Tree Following, August 2016

We live on a windswept ridge. On the plus side, there are views in all directions- rolling fields of corn, oats, and barley. On the minus side, in the winter we are battered by 70 mph winds. Every winter we lose one or two mature trees. Last winter, we lost a majestic willow with five stately branches. Now reduced to a stump.The  mature oak trees always suffer some damage. We anxiously check them after a storm. 

Step over our garden fence, and take 20 paces and you will come to my chosen tree following oak. 

It’s the tree in the centre of the picture.


The oak is about 200 years old and marks the start of a small wood where buzzards nest each summer. 

One of the branches, snapped in a storm, has been left dangling.
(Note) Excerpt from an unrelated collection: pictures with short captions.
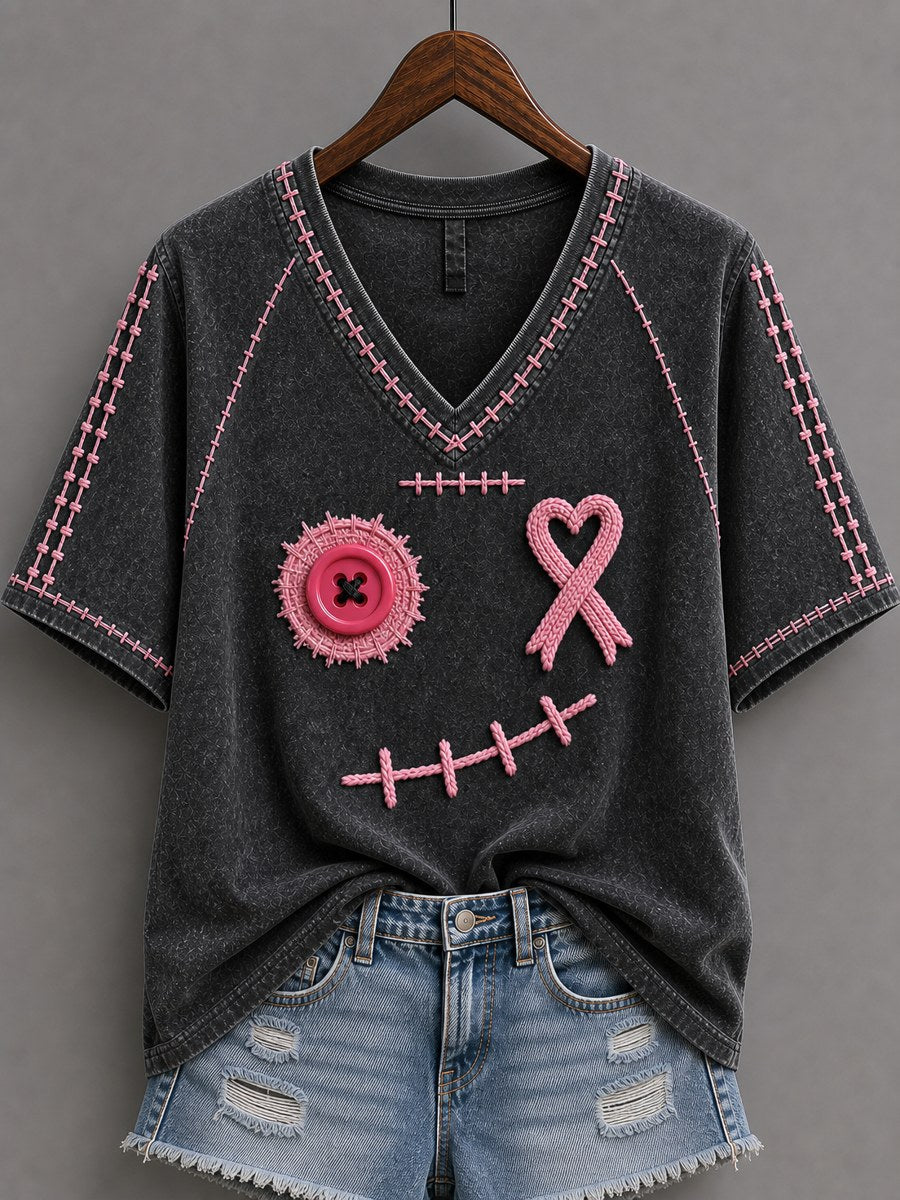T-shirt à manches courtes pour femmes, motif d’Halloween avec visage brodé et ruban rose de sensibilisation au cancer du sein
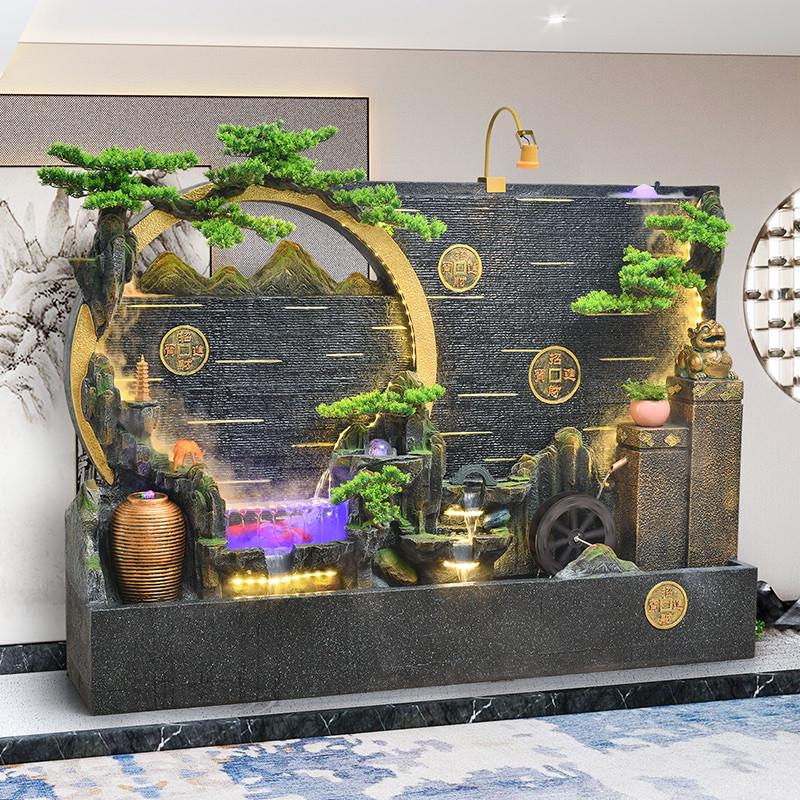 落地循环水复古祝福开业摆件装饰酒店中式水幕流水公司墙景观乔迁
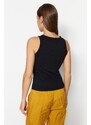 Trendyol Black Cotton, Sleeveless, Knitted Singlet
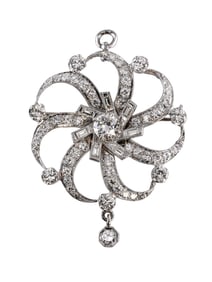 A WHITE GOLD BOORCH PENDANT, 14K GOLD G COLOR DIAMONDS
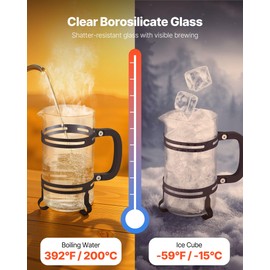 VEVOR French Press Coffee Maker, 34 Ounce 1 Liter Borosilicate Glass Coffee Press Tea Maker with Stainless Steel Filter, Large Glass French Presses Cold Brew for Camping Travel Home Kitchen, Black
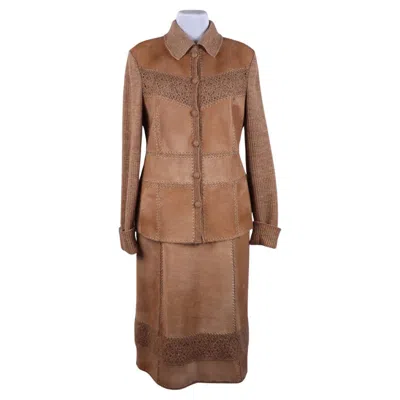 Pre-owned Escada Elegant  Suit (germany) Vintage Wool And Mohair 2000s In Brown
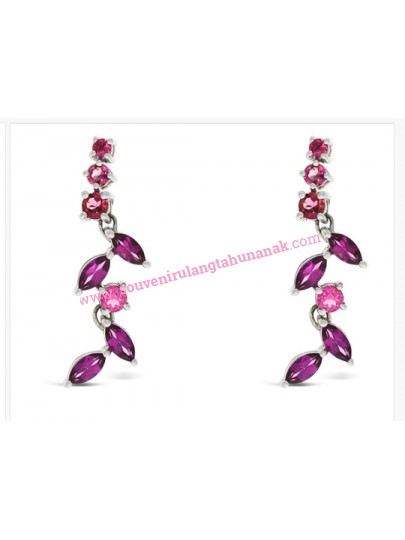 Rubelite White Gold Earrings H-E002 (Preloved)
We wonder what lives in the holes and crevices. 

Something must live in there. We see footprints in the winter. 


It’s a favourite spot for a picnic in summer. The wide-spreading canopy gives much welcome shade. 

Here’s Arnie enjoying the cool shade during the  recent heatwave. 


And it’s not just us enjoying the shade. We watched these beauties being born and have enjoyed seeing  them grow. It’s a rare thing to see calves reared by their mothers these days. We get a lot of pleasure from seeing them caper around the fields. They seem to be as interested in us as we are in them. They line up along the hedge to watch me working on my vegetable plot.


Lammas Day is August 1st and our oak trees have put on the second flush of growth. Lammas leaves look so fresh  and green. It’s a reminder that the season is moving on.

We sometimes see a woodpecker on the trunk. The bark must contain a good supply of insects and grubs.


A beautifully scented dog rose wreaths around the sunny side of the tree. There will be plenty of rose hips this year. 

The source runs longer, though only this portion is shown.